The True Meaning of Fasting in the Orthodox Church by Philip Kariatlis

When we think of fasting in the Orthodox Church today, our mind almost immediately goes to certain rules relating to what we can and cannot eat. Moreover, this practice is especially associated with Great and Holy Lent. And so, when it comes to this “forty-day” fast, there are some who will almost exclusively focus all their attention on familiarizing themselves with all of the Church’s prescriptions regarding when they need to abstain from particular foods. Then, there are some who might go to great lengths, meticulously checking all ingredients of certain food items in supermarkets for example, in order to ensure that there are no traces of foods which they know are not permitted during fasting periods, also rejoicing with delight when they happen to find substitutes to their favorite food. What necessarily results from such an understanding of fasting, amongst its practitioners, is a belief that if they have been “successful” in this effort, they are then prepared to receive the risen Lord on Easter night. A question which justifiably arises, however, is whether this in fact is what fasting is all about. If Great Lent is a preparatory time within the Church’s liturgical year meant as a means for preparing the faithful to encounter the risen Christ on the day of Easter, how does such an understanding of fasting assist in this “spiritual” journey? Is this the true meaning of fasting? Or, have we reduced it merely to rules about what foods are permitted and what are not? In studying some of the hymns found in the Triodion—a liturgical book out of which many beautiful hymns are chanted during the period of Great Lent—the hope is that we might recover the true meaning of fasting. This approach is plausible to the extent that the hymns of the Orthodox Church, more generally, reflect its theological vision; indeed, they reveal, in sung form, the theological outlook of the Orthodox Church. More specifically, we will briefly look at certain hymns known as “Aposticha idiomela” of Vespers since they all specifically focus on presenting the Church’s understanding of fasting. Indeed, these would have been intentionally inserted in the Service to remind the faithful of the true meaning of fasting. Unfortunately, the connection of these hymns to fasting have been lost sight of and therefore their significance largely overlooked today.

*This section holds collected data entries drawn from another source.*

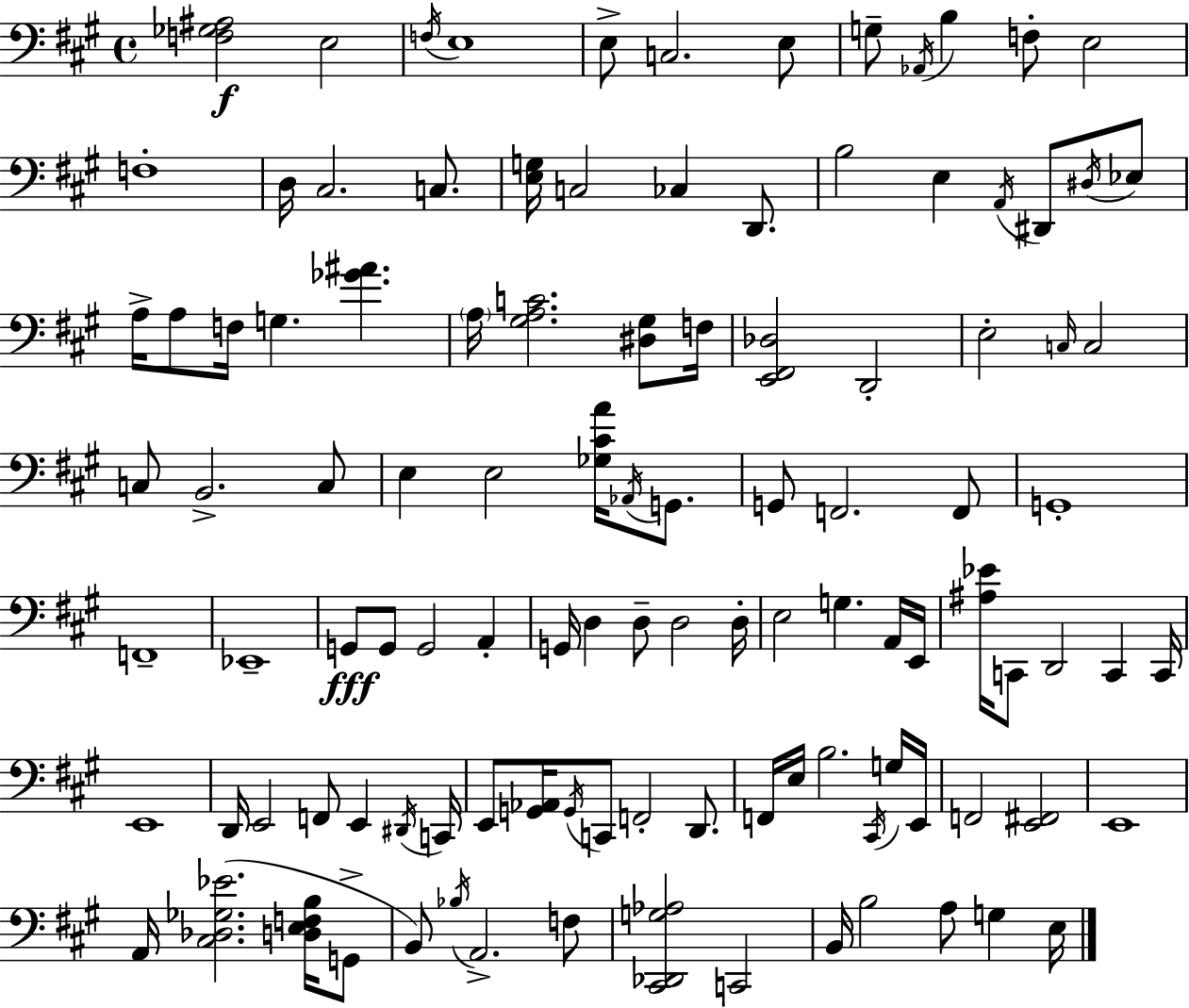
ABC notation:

X:1
T:Untitled
M:4/4
L:1/4
K:A
[F,_G,^A,]2 E,2 F,/4 E,4 E,/2 C,2 E,/2 G,/2 _A,,/4 B, F,/2 E,2 F,4 D,/4 ^C,2 C,/2 [E,G,]/4 C,2 _C, D,,/2 B,2 E, A,,/4 ^D,,/2 ^D,/4 _E,/2 A,/4 A,/2 F,/4 G, [_G^A] A,/4 [^G,A,C]2 [^D,^G,]/2 F,/4 [E,,^F,,_D,]2 D,,2 E,2 C,/4 C,2 C,/2 B,,2 C,/2 E, E,2 [_G,^CA]/4 _A,,/4 G,,/2 G,,/2 F,,2 F,,/2 G,,4 F,,4 _E,,4 G,,/2 G,,/2 G,,2 A,, G,,/4 D, D,/2 D,2 D,/4 E,2 G, A,,/4 E,,/4 [^A,_E]/4 C,,/2 D,,2 C,, C,,/4 E,,4 D,,/4 E,,2 F,,/2 E,, ^D,,/4 C,,/4 E,,/2 [G,,_A,,]/4 G,,/4 C,,/2 F,,2 D,,/2 F,,/4 E,/4 B,2 ^C,,/4 G,/4 E,,/4 F,,2 [E,,^F,,]2 E,,4 A,,/4 [^C,_D,_G,_E]2 [D,E,F,B,]/4 G,,/2 B,,/2 _B,/4 A,,2 F,/2 [^C,,_D,,G,_A,]2 C,,2 B,,/4 B,2 A,/2 G, E,/4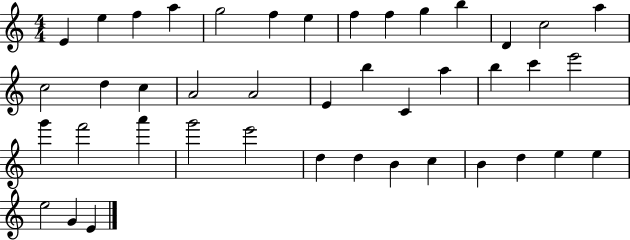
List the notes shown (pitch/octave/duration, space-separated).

E4/q E5/q F5/q A5/q G5/h F5/q E5/q F5/q F5/q G5/q B5/q D4/q C5/h A5/q C5/h D5/q C5/q A4/h A4/h E4/q B5/q C4/q A5/q B5/q C6/q E6/h G6/q F6/h A6/q G6/h E6/h D5/q D5/q B4/q C5/q B4/q D5/q E5/q E5/q E5/h G4/q E4/q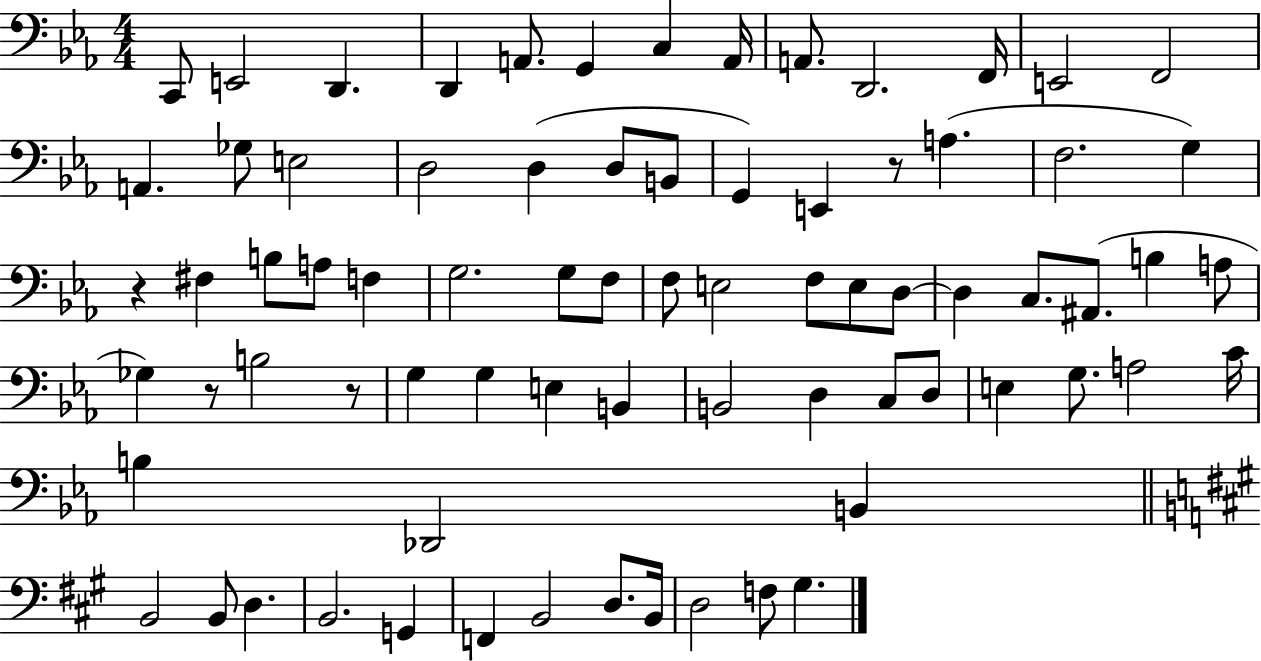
X:1
T:Untitled
M:4/4
L:1/4
K:Eb
C,,/2 E,,2 D,, D,, A,,/2 G,, C, A,,/4 A,,/2 D,,2 F,,/4 E,,2 F,,2 A,, _G,/2 E,2 D,2 D, D,/2 B,,/2 G,, E,, z/2 A, F,2 G, z ^F, B,/2 A,/2 F, G,2 G,/2 F,/2 F,/2 E,2 F,/2 E,/2 D,/2 D, C,/2 ^A,,/2 B, A,/2 _G, z/2 B,2 z/2 G, G, E, B,, B,,2 D, C,/2 D,/2 E, G,/2 A,2 C/4 B, _D,,2 B,, B,,2 B,,/2 D, B,,2 G,, F,, B,,2 D,/2 B,,/4 D,2 F,/2 ^G,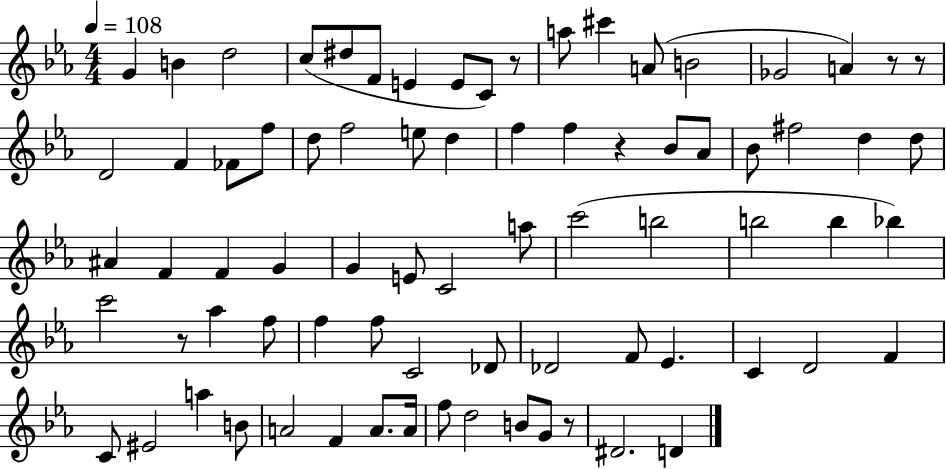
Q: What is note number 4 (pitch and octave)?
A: C5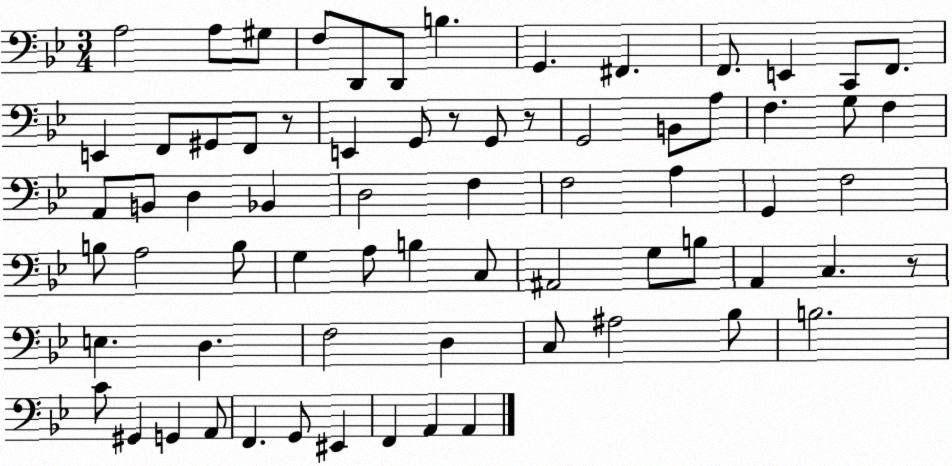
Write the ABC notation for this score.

X:1
T:Untitled
M:3/4
L:1/4
K:Bb
A,2 A,/2 ^G,/2 F,/2 D,,/2 D,,/2 B, G,, ^F,, F,,/2 E,, C,,/2 F,,/2 E,, F,,/2 ^G,,/2 F,,/2 z/2 E,, G,,/2 z/2 G,,/2 z/2 G,,2 B,,/2 A,/2 F, G,/2 F, A,,/2 B,,/2 D, _B,, D,2 F, F,2 A, G,, F,2 B,/2 A,2 B,/2 G, A,/2 B, C,/2 ^A,,2 G,/2 B,/2 A,, C, z/2 E, D, F,2 D, C,/2 ^A,2 _B,/2 B,2 C/2 ^G,, G,, A,,/2 F,, G,,/2 ^E,, F,, A,, A,,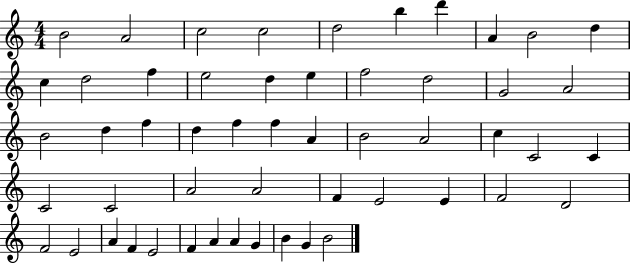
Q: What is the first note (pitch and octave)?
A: B4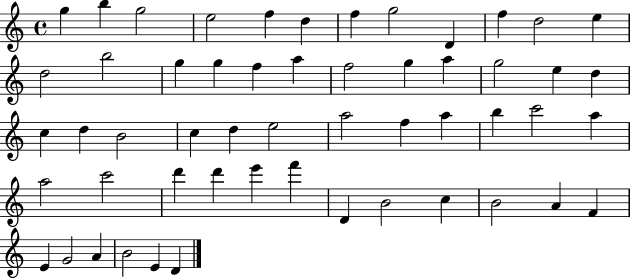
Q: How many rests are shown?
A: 0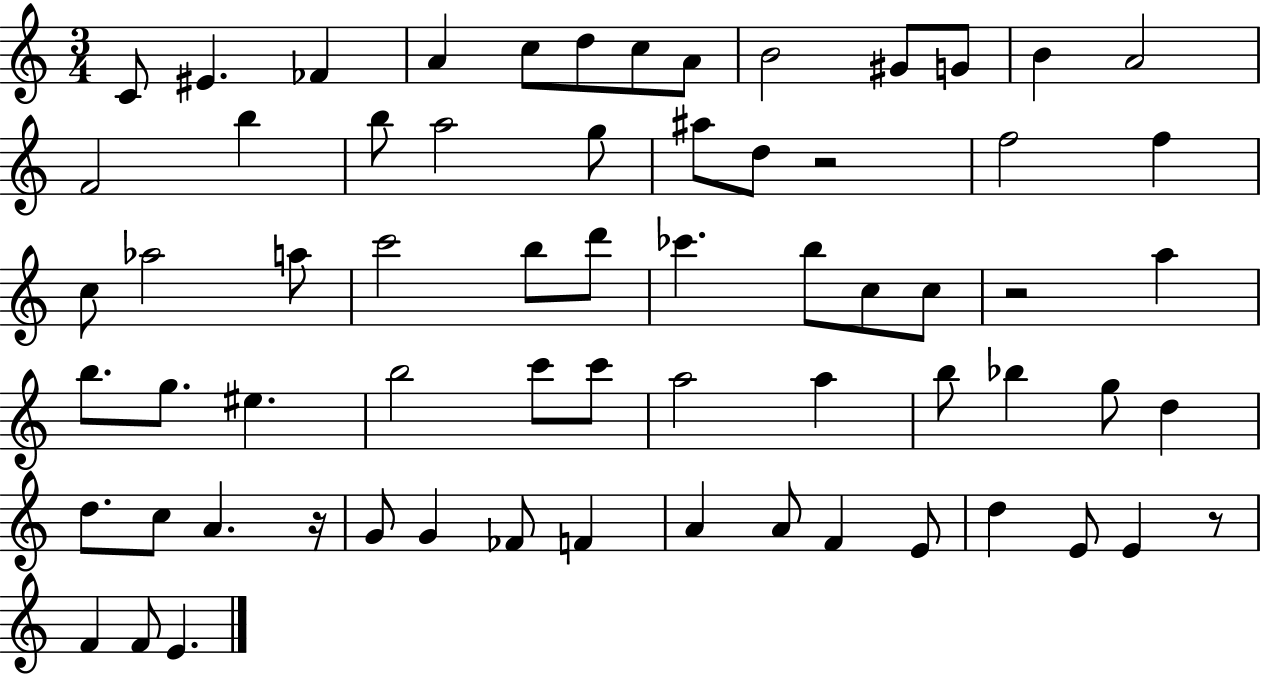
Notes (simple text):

C4/e EIS4/q. FES4/q A4/q C5/e D5/e C5/e A4/e B4/h G#4/e G4/e B4/q A4/h F4/h B5/q B5/e A5/h G5/e A#5/e D5/e R/h F5/h F5/q C5/e Ab5/h A5/e C6/h B5/e D6/e CES6/q. B5/e C5/e C5/e R/h A5/q B5/e. G5/e. EIS5/q. B5/h C6/e C6/e A5/h A5/q B5/e Bb5/q G5/e D5/q D5/e. C5/e A4/q. R/s G4/e G4/q FES4/e F4/q A4/q A4/e F4/q E4/e D5/q E4/e E4/q R/e F4/q F4/e E4/q.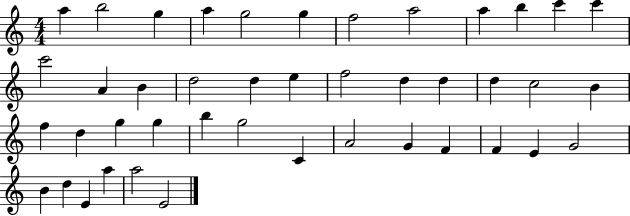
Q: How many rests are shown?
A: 0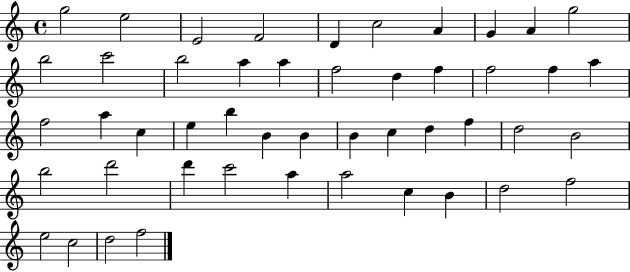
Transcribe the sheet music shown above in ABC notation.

X:1
T:Untitled
M:4/4
L:1/4
K:C
g2 e2 E2 F2 D c2 A G A g2 b2 c'2 b2 a a f2 d f f2 f a f2 a c e b B B B c d f d2 B2 b2 d'2 d' c'2 a a2 c B d2 f2 e2 c2 d2 f2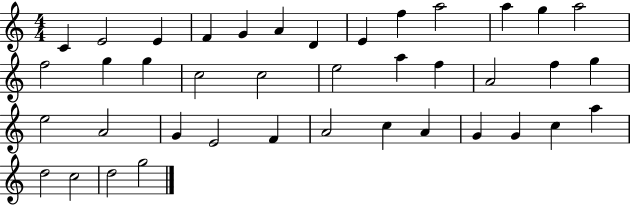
{
  \clef treble
  \numericTimeSignature
  \time 4/4
  \key c \major
  c'4 e'2 e'4 | f'4 g'4 a'4 d'4 | e'4 f''4 a''2 | a''4 g''4 a''2 | \break f''2 g''4 g''4 | c''2 c''2 | e''2 a''4 f''4 | a'2 f''4 g''4 | \break e''2 a'2 | g'4 e'2 f'4 | a'2 c''4 a'4 | g'4 g'4 c''4 a''4 | \break d''2 c''2 | d''2 g''2 | \bar "|."
}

Even a cursory study of these Lenten hymns clearly shows that fasting is primarily about renewing our relationship with God, neighbor and the world more broadly. Already, at the Vespers Service of Pure Monday, we are reminded that fasting involves a personal cleansing of our whole self and not simply a dietary “detox”:

be lifted up on high in the joy of virtue and by the delight of excellent works we shall be glad in God, the Lover of Humankind.

Let us observe fast, not only by abstinence from food, but also by separating ourselves from every bodily passion… so that we may be counted worthy to partake of the Lamb [τῆς τοῦ Ἀμνοῦ μεταλήψεως]… the Son of God… Thus, we shall

Philip Kariatlis is Academic Director and Senior Lecturer in Theology at St Andrew’s Greek Orthodox Theological College in Sydney, Australia.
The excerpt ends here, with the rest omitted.